Apelação Cível Nº 5026774-42.2019.4.04.9999/SC

RELATOR: Desembargador Federal CELSO KIPPER

APELANTE: MARIA DE FATIMA FELIZARDO TOME

APELADO: INSTITUTO NACIONAL DO SEGURO SOCIAL - INSS

RELATÓRIO

Cuida-se de apelação interposta pela parte autora contra a sentença que julgou improcedente seu pedido de restabelecimento da aposentadoria por invalidez que lhe foi deferida administrativamente em 28-06-2012 e cessada em 24-03-2020. Sucessivamente, busca a concessão do auxílio-doença "pelo tempo necessário para recuperação da segurada".

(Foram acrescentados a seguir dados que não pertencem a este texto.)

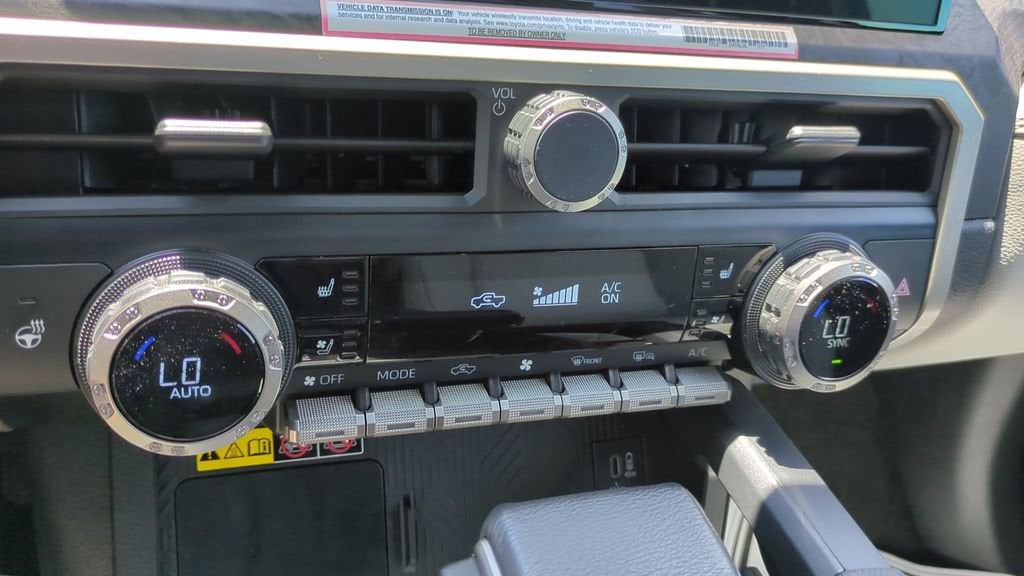 2024 Toyota Tacoma Limited - Photo 21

Em suas razões, sustenta que houve cerceamento de defesa por ter a magistrada a quo indeferido o pedido de produção de prova testemunhal, motivo pelo qual requer a anulação da sentença. Superada a prefacial, alega, quanto ao mérito, que sua incapacidade laboral resta comprovada pela documentação médica juntada aos autos, bem como sua baixa escolaridade impossibilita o aprendizado de um novo mister.

Apresentadas as contrarrazões, vieram os autos a esta Corte para julgamento.

É o relatório.

VOTO

Quanto ao pedido de produção de prova testemunhal formulado pela autora, tenho que não merece prosperar, uma vez que, nos casos de benefício por incapacidade, a prova essencial para o Julgador firmar sua convicção acerca da existência ou não de inaptidão laboral é a perícia técnica, sendo a prova oral, via de regra, dispensável, ante a falta de conhecimento técnico das testemunhas para constatar e atestar eventual incapacidade laboral.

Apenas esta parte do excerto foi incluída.